Task to carry out:
Each entry is to be output as written, so that none is missing.

****************************************

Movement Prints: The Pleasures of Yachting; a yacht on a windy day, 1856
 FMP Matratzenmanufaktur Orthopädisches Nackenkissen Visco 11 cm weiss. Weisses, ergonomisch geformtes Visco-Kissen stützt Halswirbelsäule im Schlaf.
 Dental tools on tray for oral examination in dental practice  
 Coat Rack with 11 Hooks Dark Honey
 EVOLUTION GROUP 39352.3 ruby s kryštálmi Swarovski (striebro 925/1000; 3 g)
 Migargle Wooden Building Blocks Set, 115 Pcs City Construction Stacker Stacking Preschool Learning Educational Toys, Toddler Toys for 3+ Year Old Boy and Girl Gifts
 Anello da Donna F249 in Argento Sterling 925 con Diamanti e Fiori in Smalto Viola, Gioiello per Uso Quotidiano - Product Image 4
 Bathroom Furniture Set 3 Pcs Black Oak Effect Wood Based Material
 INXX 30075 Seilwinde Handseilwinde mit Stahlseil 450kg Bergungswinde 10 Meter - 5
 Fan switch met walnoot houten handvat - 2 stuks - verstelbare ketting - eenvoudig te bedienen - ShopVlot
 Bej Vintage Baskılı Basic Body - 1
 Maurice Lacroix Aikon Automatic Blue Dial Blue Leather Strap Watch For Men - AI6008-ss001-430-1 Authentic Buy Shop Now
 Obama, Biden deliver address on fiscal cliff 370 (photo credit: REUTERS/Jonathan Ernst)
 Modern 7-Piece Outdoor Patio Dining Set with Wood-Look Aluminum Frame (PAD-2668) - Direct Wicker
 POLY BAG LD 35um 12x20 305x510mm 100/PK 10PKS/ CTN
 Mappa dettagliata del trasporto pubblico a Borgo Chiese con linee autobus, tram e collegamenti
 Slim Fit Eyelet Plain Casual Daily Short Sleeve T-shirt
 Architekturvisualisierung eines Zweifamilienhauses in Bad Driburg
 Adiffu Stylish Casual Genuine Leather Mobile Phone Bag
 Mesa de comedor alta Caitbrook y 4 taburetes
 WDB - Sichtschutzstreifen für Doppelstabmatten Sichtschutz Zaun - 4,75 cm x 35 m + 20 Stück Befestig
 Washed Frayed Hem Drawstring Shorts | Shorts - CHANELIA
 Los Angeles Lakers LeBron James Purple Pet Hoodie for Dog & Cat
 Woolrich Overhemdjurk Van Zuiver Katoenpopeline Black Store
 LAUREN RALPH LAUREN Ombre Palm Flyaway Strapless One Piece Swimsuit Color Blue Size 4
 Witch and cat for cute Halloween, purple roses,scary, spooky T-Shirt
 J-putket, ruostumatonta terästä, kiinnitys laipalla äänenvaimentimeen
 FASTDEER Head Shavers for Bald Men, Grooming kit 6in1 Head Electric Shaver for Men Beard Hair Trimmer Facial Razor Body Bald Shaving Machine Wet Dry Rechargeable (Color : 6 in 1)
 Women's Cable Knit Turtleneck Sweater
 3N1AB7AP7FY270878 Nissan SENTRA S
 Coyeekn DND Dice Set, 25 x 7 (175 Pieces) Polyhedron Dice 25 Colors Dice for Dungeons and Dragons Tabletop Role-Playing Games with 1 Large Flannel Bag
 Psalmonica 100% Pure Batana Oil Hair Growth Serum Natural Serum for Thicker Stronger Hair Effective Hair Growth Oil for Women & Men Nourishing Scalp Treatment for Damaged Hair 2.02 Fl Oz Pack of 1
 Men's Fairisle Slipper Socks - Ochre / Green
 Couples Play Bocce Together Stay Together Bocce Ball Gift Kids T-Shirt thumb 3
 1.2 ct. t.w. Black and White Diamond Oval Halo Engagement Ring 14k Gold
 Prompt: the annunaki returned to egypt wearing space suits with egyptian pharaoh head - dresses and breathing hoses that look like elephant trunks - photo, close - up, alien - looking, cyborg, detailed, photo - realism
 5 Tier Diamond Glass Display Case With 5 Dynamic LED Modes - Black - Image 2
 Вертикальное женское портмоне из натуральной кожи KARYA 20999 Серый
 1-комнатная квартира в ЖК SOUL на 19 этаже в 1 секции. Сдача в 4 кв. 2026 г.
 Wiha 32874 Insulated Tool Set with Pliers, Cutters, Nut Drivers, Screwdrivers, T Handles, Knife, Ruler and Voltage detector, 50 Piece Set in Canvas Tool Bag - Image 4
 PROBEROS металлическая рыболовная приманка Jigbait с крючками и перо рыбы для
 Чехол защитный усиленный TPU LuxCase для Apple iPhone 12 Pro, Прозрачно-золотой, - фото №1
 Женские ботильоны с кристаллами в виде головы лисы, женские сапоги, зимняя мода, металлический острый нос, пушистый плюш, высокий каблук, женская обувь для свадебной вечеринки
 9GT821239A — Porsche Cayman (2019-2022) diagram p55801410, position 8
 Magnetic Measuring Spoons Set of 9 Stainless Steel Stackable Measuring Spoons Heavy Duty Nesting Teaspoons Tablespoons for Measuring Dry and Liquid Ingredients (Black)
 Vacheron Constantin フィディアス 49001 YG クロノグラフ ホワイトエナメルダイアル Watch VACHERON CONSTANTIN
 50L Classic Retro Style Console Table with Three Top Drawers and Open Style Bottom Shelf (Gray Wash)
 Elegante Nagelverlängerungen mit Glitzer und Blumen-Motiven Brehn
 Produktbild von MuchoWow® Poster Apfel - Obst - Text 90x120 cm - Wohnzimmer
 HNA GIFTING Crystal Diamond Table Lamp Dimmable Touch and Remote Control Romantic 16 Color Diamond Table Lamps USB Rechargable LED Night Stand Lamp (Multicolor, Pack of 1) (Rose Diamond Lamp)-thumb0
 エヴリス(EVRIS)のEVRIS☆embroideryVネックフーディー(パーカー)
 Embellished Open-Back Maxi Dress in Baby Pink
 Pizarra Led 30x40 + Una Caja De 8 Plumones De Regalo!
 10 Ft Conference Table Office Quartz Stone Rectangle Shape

****************************************

Output of the task:
Movement Prints: The Pleasures of Yachting; a yacht on a windy day, 1856
 FMP Matratzenmanufaktur Orthopädisches Nackenkissen Visco 11 cm weiss. Weisses, ergonomisch geformtes Visco-Kissen stützt Halswirbelsäule im Schlaf.
 Dental tools on tray for oral examination in dental practice  
 Coat Rack with 11 Hooks Dark Honey
 EVOLUTION GROUP 39352.3 ruby s kryštálmi Swarovski (striebro 925/1000; 3 g)
 Migargle Wooden Building Blocks Set, 115 Pcs City Construction Stacker Stacking Preschool Learning Educational Toys, Toddler Toys for 3+ Year Old Boy and Girl Gifts
 Anello da Donna F249 in Argento Sterling 925 con Diamanti e Fiori in Smalto Viola, Gioiello per Uso Quotidiano - Product Image 4
 Bathroom Furniture Set 3 Pcs Black Oak Effect Wood Based Material
 INXX 30075 Seilwinde Handseilwinde mit Stahlseil 450kg Bergungswinde 10 Meter - 5
 Fan switch met walnoot houten handvat - 2 stuks - verstelbare ketting - eenvoudig te bedienen - ShopVlot
 Bej Vintage Baskılı Basic Body - 1
 Maurice Lacroix Aikon Automatic Blue Dial Blue Leather Strap Watch For Men - AI6008-ss001-430-1 Authentic Buy Shop Now
 Obama, Biden deliver address on fiscal cliff 370 (photo credit: REUTERS/Jonathan Ernst)
 Modern 7-Piece Outdoor Patio Dining Set with Wood-Look Aluminum Frame (PAD-2668) - Direct Wicker
 POLY BAG LD 35um 12x20 305x510mm 100/PK 10PKS/ CTN
 Mappa dettagliata del trasporto pubblico a Borgo Chiese con linee autobus, tram e collegamenti
 Slim Fit Eyelet Plain Casual Daily Short Sleeve T-shirt
 Architekturvisualisierung eines Zweifamilienhauses in Bad Driburg
 Adiffu Stylish Casual Genuine Leather Mobile Phone Bag
 Mesa de comedor alta Caitbrook y 4 taburetes
 WDB - Sichtschutzstreifen für Doppelstabmatten Sichtschutz Zaun - 4,75 cm x 35 m + 20 Stück Befestig
 Washed Frayed Hem Drawstring Shorts | Shorts - CHANELIA
 Los Angeles Lakers LeBron James Purple Pet Hoodie for Dog & Cat
 Woolrich Overhemdjurk Van Zuiver Katoenpopeline Black Store
 LAUREN RALPH LAUREN Ombre Palm Flyaway Strapless One Piece Swimsuit Color Blue Size 4
 Witch and cat for cute Halloween, purple roses,scary, spooky T-Shirt
 J-putket, ruostumatonta terästä, kiinnitys laipalla äänenvaimentimeen
 FASTDEER Head Shavers for Bald Men, Grooming kit 6in1 Head Electric Shaver for Men Beard Hair Trimmer Facial Razor Body Bald Shaving Machine Wet Dry Rechargeable (Color : 6 in 1)
 Women's Cable Knit Turtleneck Sweater
 3N1AB7AP7FY270878 Nissan SENTRA S
 Coyeekn DND Dice Set, 25 x 7 (175 Pieces) Polyhedron Dice 25 Colors Dice for Dungeons and Dragons Tabletop Role-Playing Games with 1 Large Flannel Bag
 Psalmonica 100% Pure Batana Oil Hair Growth Serum Natural Serum for Thicker Stronger Hair Effective Hair Growth Oil for Women & Men Nourishing Scalp Treatment for Damaged Hair 2.02 Fl Oz Pack of 1
 Men's Fairisle Slipper Socks - Ochre / Green
 Couples Play Bocce Together Stay Together Bocce Ball Gift Kids T-Shirt thumb 3
 1.2 ct. t.w. Black and White Diamond Oval Halo Engagement Ring 14k Gold
 Prompt: the annunaki returned to egypt wearing space suits with egyptian pharaoh head - dresses and breathing hoses that look like elephant trunks - photo, close - up, alien - looking, cyborg, detailed, photo - realism
 5 Tier Diamond Glass Display Case With 5 Dynamic LED Modes - Black - Image 2
 Вертикальное женское портмоне из натуральной кожи KARYA 20999 Серый
 1-комнатная квартира в ЖК SOUL на 19 этаже в 1 секции. Сдача в 4 кв. 2026 г.
 Wiha 32874 Insulated Tool Set with Pliers, Cutters, Nut Drivers, Screwdrivers, T Handles, Knife, Ruler and Voltage detector, 50 Piece Set in Canvas Tool Bag - Image 4
 PROBEROS металлическая рыболовная приманка Jigbait с крючками и перо рыбы для
 Чехол защитный усиленный TPU LuxCase для Apple iPhone 12 Pro, Прозрачно-золотой, - фото №1
 Женские ботильоны с кристаллами в виде головы лисы, женские сапоги, зимняя мода, металлический острый нос, пушистый плюш, высокий каблук, женская обувь для свадебной вечеринки
 9GT821239A — Porsche Cayman (2019-2022) diagram p55801410, position 8
 Magnetic Measuring Spoons Set of 9 Stainless Steel Stackable Measuring Spoons Heavy Duty Nesting Teaspoons Tablespoons for Measuring Dry and Liquid Ingredients (Black)
 Vacheron Constantin フィディアス 49001 YG クロノグラフ ホワイトエナメルダイアル Watch VACHERON CONSTANTIN
 50L Classic Retro Style Console Table with Three Top Drawers and Open Style Bottom Shelf (Gray Wash)
 Elegante Nagelverlängerungen mit Glitzer und Blumen-Motiven Brehn
 Produktbild von MuchoWow® Poster Apfel - Obst - Text 90x120 cm - Wohnzimmer
 HNA GIFTING Crystal Diamond Table Lamp Dimmable Touch and Remote Control Romantic 16 Color Diamond Table Lamps USB Rechargable LED Night Stand Lamp (Multicolor, Pack of 1) (Rose Diamond Lamp)-thumb0
 エヴリス(EVRIS)のEVRIS☆embroideryVネックフーディー(パーカー)
 Embellished Open-Back Maxi Dress in Baby Pink
 Pizarra Led 30x40 + Una Caja De 8 Plumones De Regalo!
 10 Ft Conference Table Office Quartz Stone Rectangle Shape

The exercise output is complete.